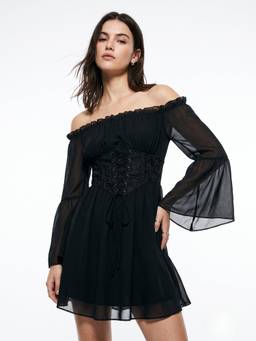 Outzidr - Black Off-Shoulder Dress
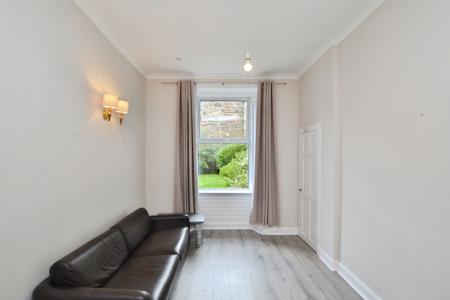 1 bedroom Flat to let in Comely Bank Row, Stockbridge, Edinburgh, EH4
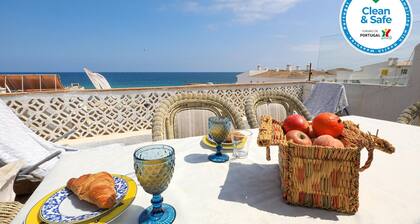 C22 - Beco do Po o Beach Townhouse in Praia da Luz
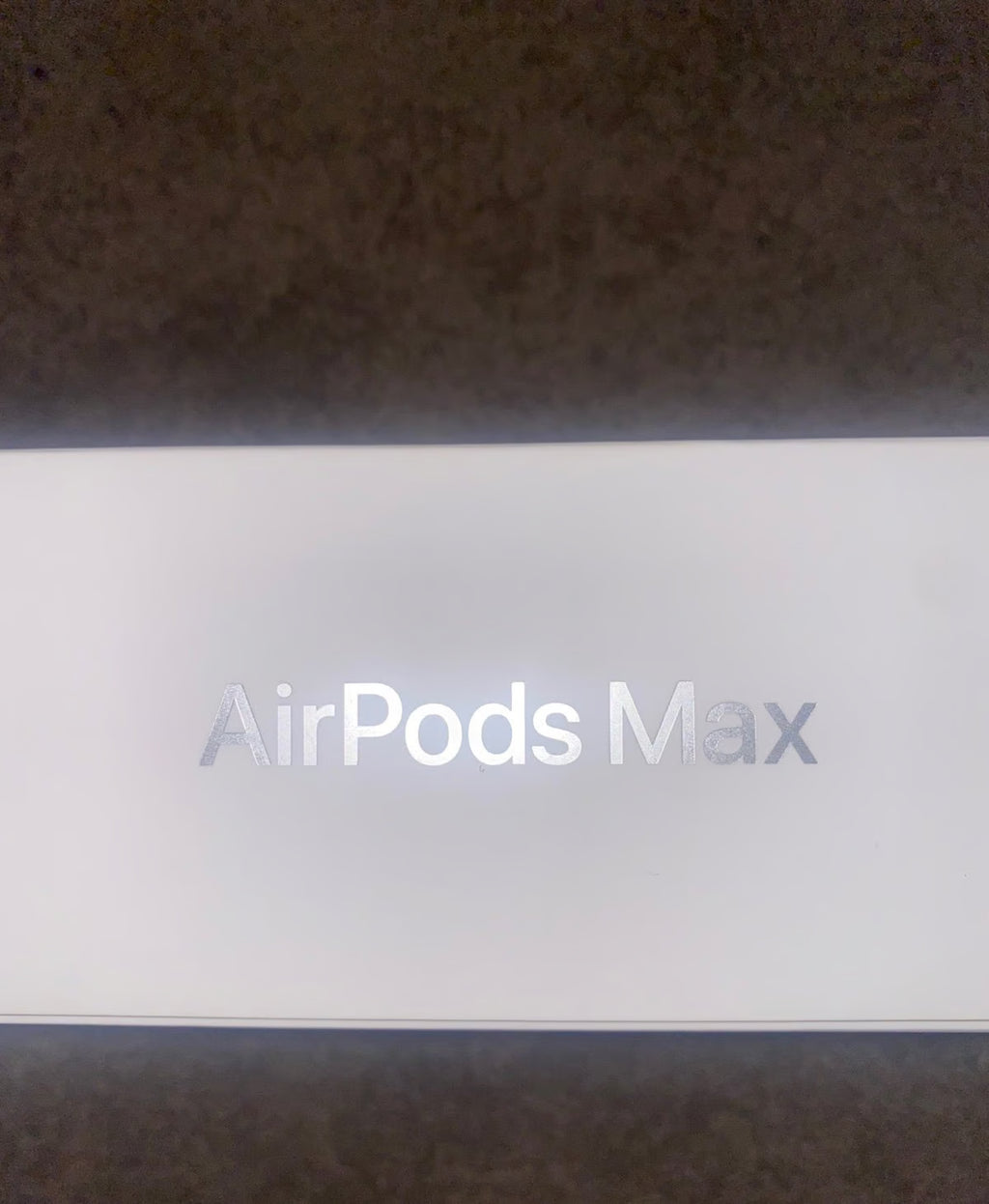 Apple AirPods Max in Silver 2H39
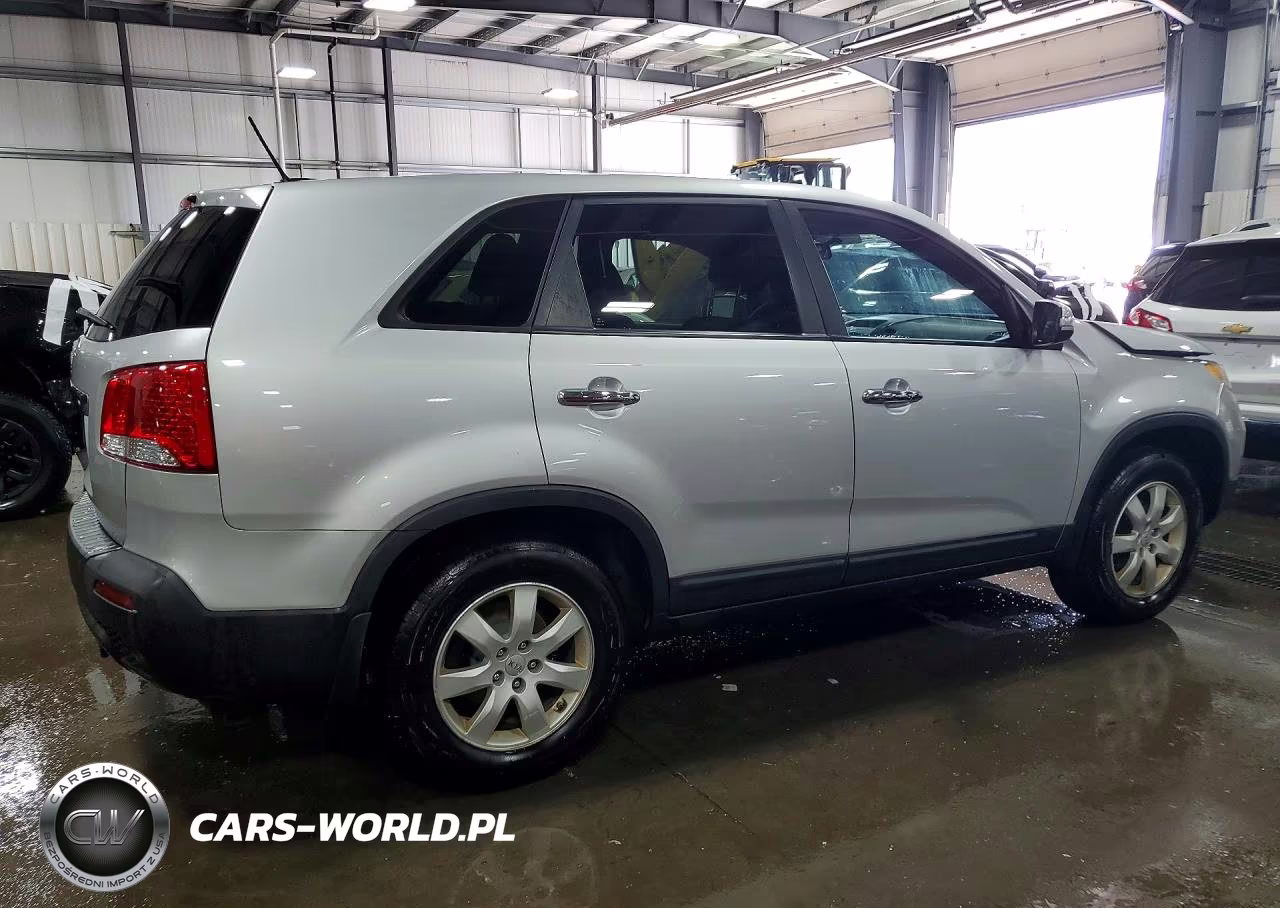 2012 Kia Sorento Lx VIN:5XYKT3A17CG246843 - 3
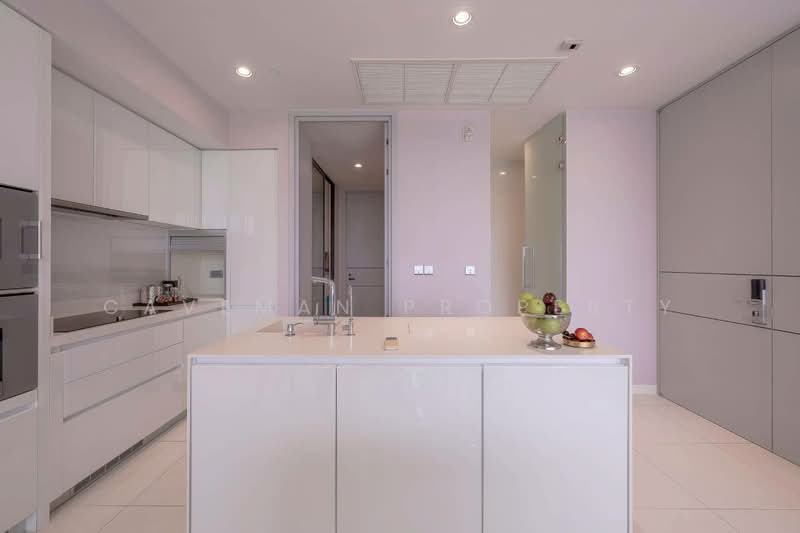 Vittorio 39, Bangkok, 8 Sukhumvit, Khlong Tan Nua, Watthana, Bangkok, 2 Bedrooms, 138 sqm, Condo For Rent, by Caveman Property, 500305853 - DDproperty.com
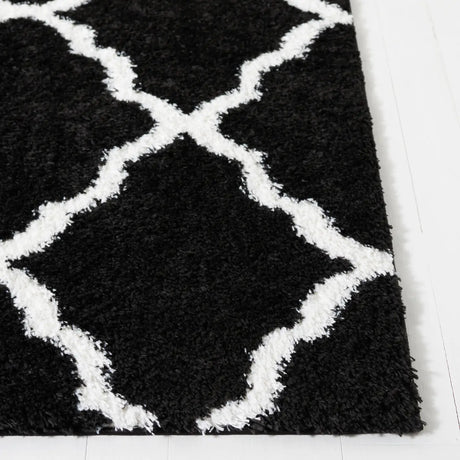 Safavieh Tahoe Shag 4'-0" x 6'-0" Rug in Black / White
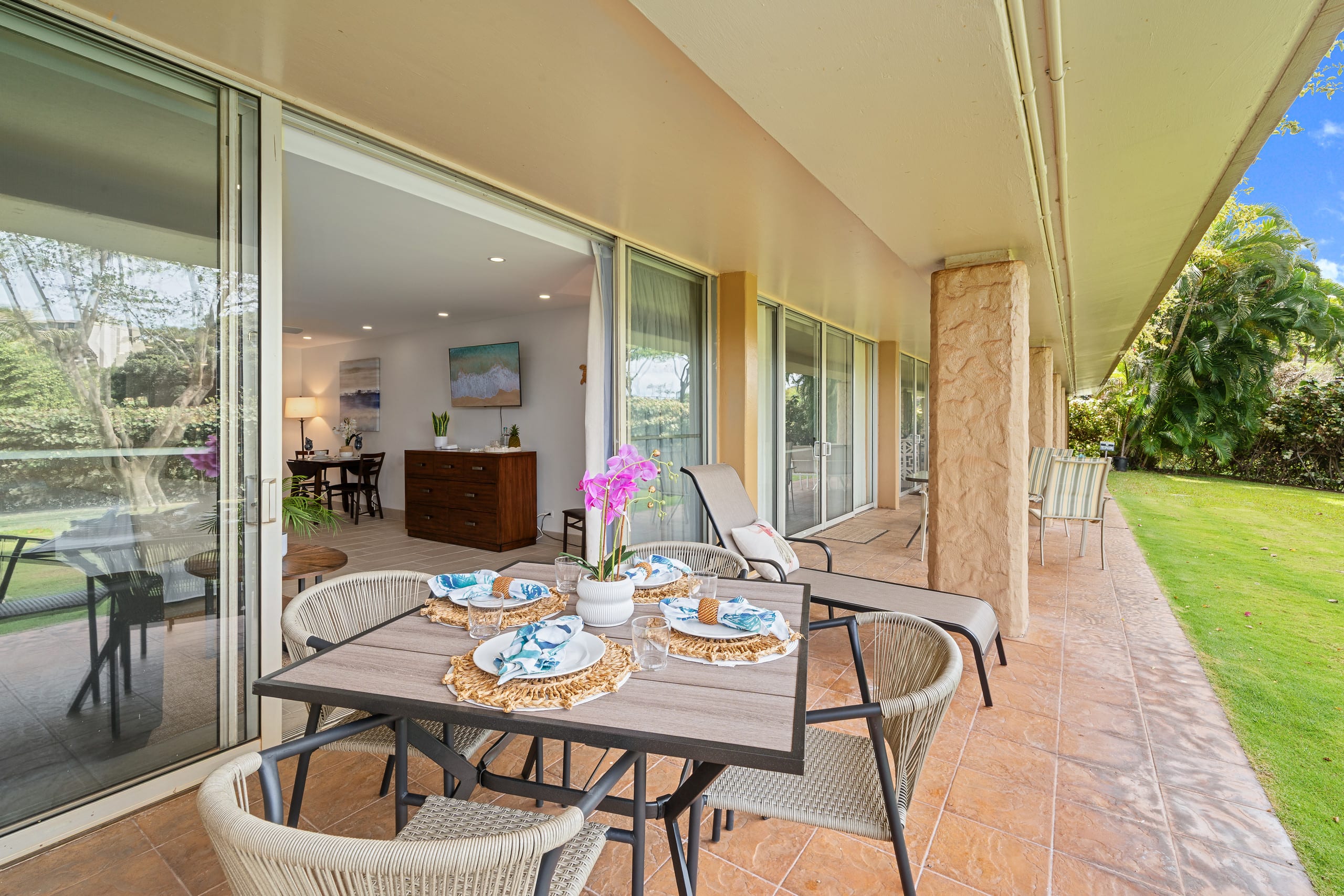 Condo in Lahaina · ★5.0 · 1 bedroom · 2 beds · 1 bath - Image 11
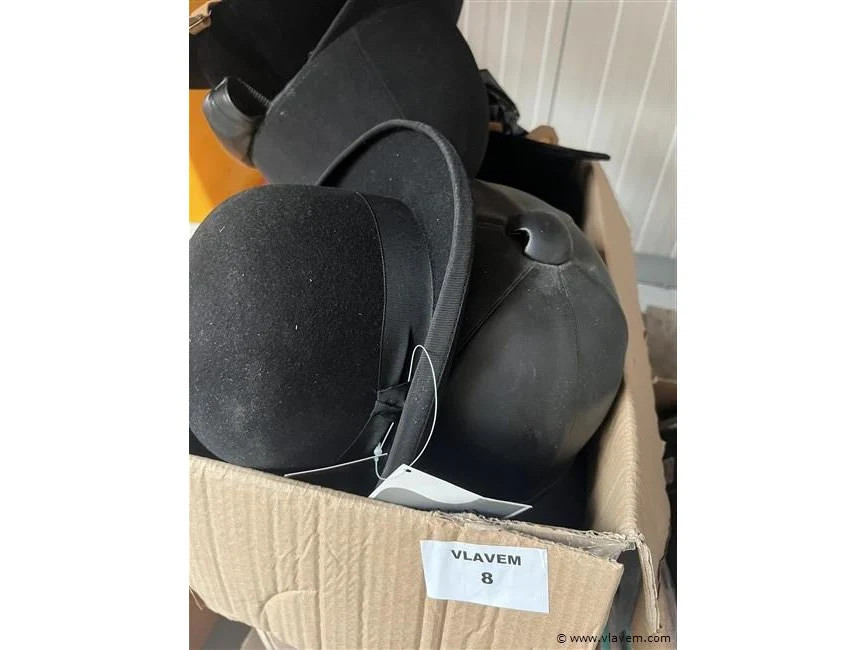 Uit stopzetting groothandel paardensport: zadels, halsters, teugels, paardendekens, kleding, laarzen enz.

Your task — Print out the complete listing above exactly, dropping each image.

Solved exercise —
 Outzidr - Black Off-Shoulder Dress
 1 bedroom Flat to let in Comely Bank Row, Stockbridge, Edinburgh, EH4
 C22 - Beco do Po o Beach Townhouse in Praia da Luz
 Apple AirPods Max in Silver 2H39
 2012 Kia Sorento Lx VIN:5XYKT3A17CG246843 - 3
 Vittorio 39, Bangkok, 8 Sukhumvit, Khlong Tan Nua, Watthana, Bangkok, 2 Bedrooms, 138 sqm, Condo For Rent, by Caveman Property, 500305853 - DDproperty.com
 Safavieh Tahoe Shag 4'-0" x 6'-0" Rug in Black / White
 Condo in Lahaina · ★5.0 · 1 bedroom · 2 beds · 1 bath - Image 11
 Uit stopzetting groothandel paardensport: zadels, halsters, teugels, paardendekens, kleding, laarzen enz.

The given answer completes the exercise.